В 1870 г. И.С. Тургенев в письме к П.В. Анненкову заметил о языке сочинений А.И. Герцена:
«Язык его, до безумия неправильный, приводит меня в восторг: живое тело»[350].
Этими словами Тургенев хотел подчеркнуть, что отступления от нормы литературного языка у Герцена оказывались не только оправданными, но и способствовали (наряду с другими особенностями его дарования) более сильному и яркому воздействию на читателей. Тургеневское признание тем более интересно, что из четырех самых великих русских прозаиков прошлого века (Гоголя, Тургенева, Достоевского и Льва Толстого) Тургенев в своих сочинениях реже всего отступал от нормы. И все же подобные отступления, если они встречались у большого мастера и служили определенной продуманной цели, одобрительно воспринимались автором «Стихотворений в прозе».
Проблема нормы осложняется и по другим причинам. Дело в том, что в XIX – XX столетиях норма в языке художественных произведений становится гораздо шире нормы литературного языка в собственном смысле. И это вполне понятно, если учесть, что писатели обычно широко используют диалектные и просторечные элементы общенародного языка, тем самым расширяя (нередко резко) границы между нормой и ненормой, превращая их в границы еще более гибкие и подвижные, чем границы литературного языка.
Вопрос, однако, не сводится только к отмеченным различиям. Обычно не замечают других расхождений, теоретически гораздо более важных.
«Каждое художественное слово, – писал в свое время Лев Толстой, – тем-то и отличается от нехудожественного, что вызывает бесчисленное множество мыслей, представлений и объяснений»[351].
Именно этими бесчисленными ассоциациями язык великих писателей XIX – XX вв. отличается от всех других типов языка. Этим объясняется и неповторимость языка больших художников самых различных стран и народов, в особенности, начиная с тех пор, когда сознательное отношение к языку и стилю своих произведений превратилось в важнейший признак подлинного и большого творчества. И хотя Толстой писал лишь об ассоциациях, вызываемых словами, его суждение относится ко многим сферам языка – к лексике и семантике, к словообразованию и фонетике, к синтаксису и стилистике, к построению монолога и диалога, и т.п.
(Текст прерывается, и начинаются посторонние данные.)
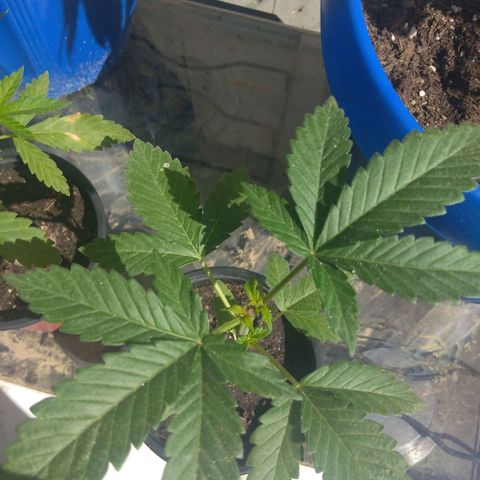 Cookies USA growlog timeline photo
Разумеется, при такой многоаспектности функций языка художественной литературы нового времени его нормы оказываются во многом иными (не столько в количественном, сколько в качественном отношении), чем нормы обычного литературного языка.
К сожалению, эту важнейшую специфику языка большой художественной литературы, отмеченную Л.Н. Толстым, понимают отнюдь не все современные исследователи. Больше того. С позиции теории информации описанная специфика выступает не как важнейшая особенность, придающая языку великих писателей огромную силу воздействия, а как недостаток «художественного языка». Как я уже отмечал в первой главе, об этом писал, в частности, представитель математической лингвистики С. Маркус и рецензент его книги И.И. Ревзин. По их мнению, полифункциональность языка художественной литературы свидетельствует об его расплывчатости и недостаточно четкой информативности[352].
Вот здесь-то мы и подходим к важнейшему разграничению разных типов информации и информативности. К сожалению, подобное разграничение обычно не проводится. Между тем оно совершенно необходимо. Способность языка художественной литературы (имеются в виду выдающиеся писатели) вызывать «бесчисленное число мыслей» (разумеется, наряду с общим замыслом произведения) как раз и является его информативностью, но информативностью, качественно совсем иной, чем информативность типа «сегодня хорошая погода» или «вчера мы потрудились на славу». Только в результате смешения разных типов информативности может возникнуть невероятное утверждение о том, что язык Пушкина или Льва Толстого, Гете или Флобера, Маяковского или Шолохова «страдает расплывчатостью и неинформативностью»[353].